ABOUT THIS TASK:
The pictures in the listing below are to be skipped, while the lines between the line holding "So, technically you" and the line holding "You may choose", inclusive, are to be output exactly.

[[ INFORMATION PROVIDED open ]]

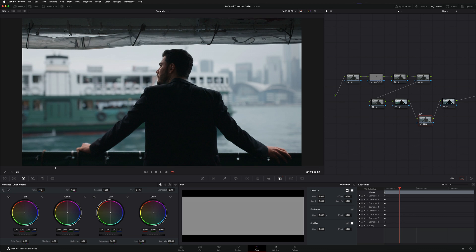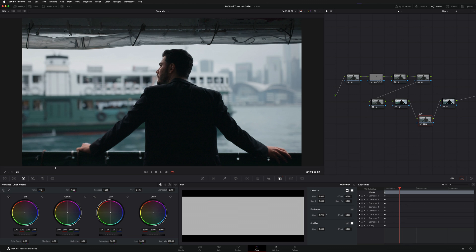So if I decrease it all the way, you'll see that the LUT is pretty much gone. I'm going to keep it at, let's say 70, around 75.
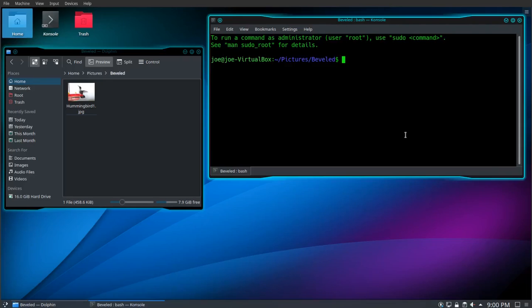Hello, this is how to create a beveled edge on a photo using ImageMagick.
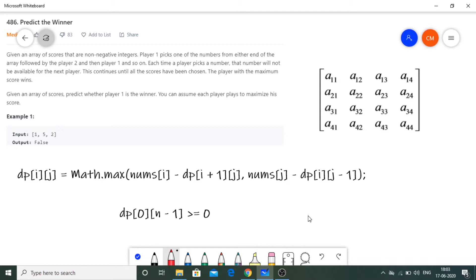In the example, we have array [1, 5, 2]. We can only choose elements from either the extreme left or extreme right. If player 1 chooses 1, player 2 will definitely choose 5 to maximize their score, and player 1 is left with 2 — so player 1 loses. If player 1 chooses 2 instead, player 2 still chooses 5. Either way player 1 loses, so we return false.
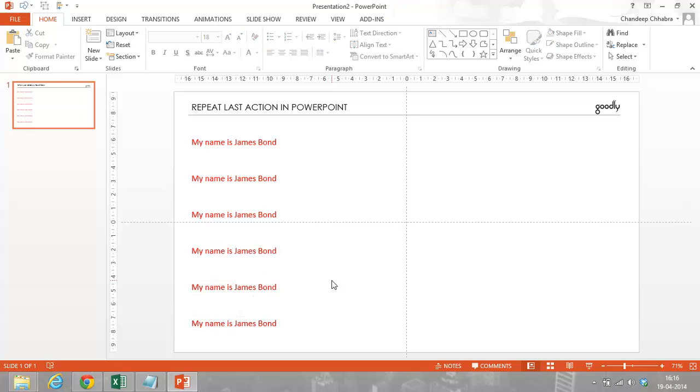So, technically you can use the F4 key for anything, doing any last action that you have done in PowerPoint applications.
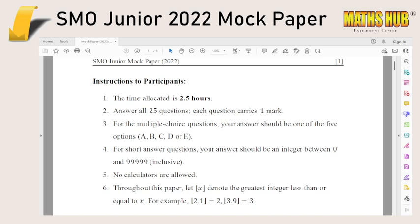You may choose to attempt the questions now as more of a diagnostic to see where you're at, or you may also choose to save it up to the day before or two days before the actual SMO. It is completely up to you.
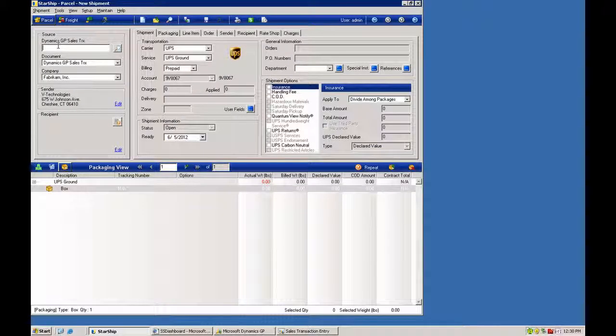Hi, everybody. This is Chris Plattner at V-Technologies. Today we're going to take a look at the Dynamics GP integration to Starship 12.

[[ INFORMATION PROVIDED closed ]]
[[ INFORMATION PROVIDED open ]]

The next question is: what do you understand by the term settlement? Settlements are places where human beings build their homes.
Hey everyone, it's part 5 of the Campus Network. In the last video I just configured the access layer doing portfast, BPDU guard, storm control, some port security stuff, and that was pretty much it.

[[ INFORMATION PROVIDED closed ]]
[[ INFORMATION PROVIDED open ]]

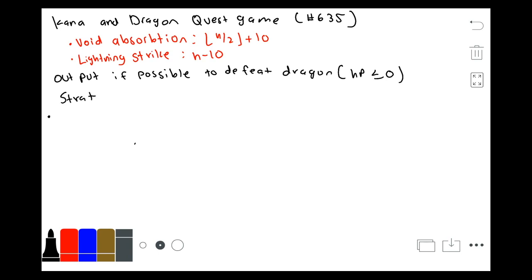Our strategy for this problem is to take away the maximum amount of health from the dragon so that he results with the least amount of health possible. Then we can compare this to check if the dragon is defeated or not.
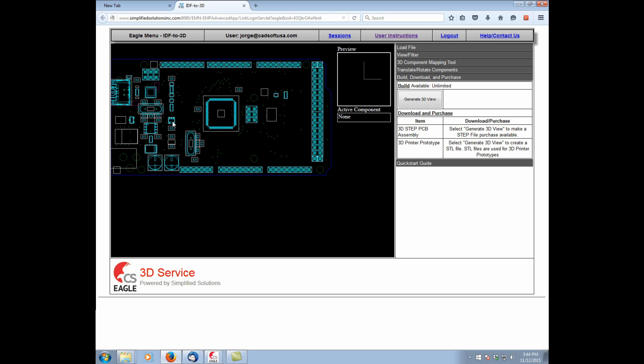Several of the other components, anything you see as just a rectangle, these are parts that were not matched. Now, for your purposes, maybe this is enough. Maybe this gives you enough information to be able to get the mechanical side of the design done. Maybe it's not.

[[ INFORMATION PROVIDED closed ]]

EXPECTED OUTPUT:
So, technically you can use the F4 key for anything, doing any last action that you have done in PowerPoint applications.
You may choose to attempt the questions now as more of a diagnostic to see where you're at, or you may also choose to save it up to the day before or two days before the actual SMO. It is completely up to you.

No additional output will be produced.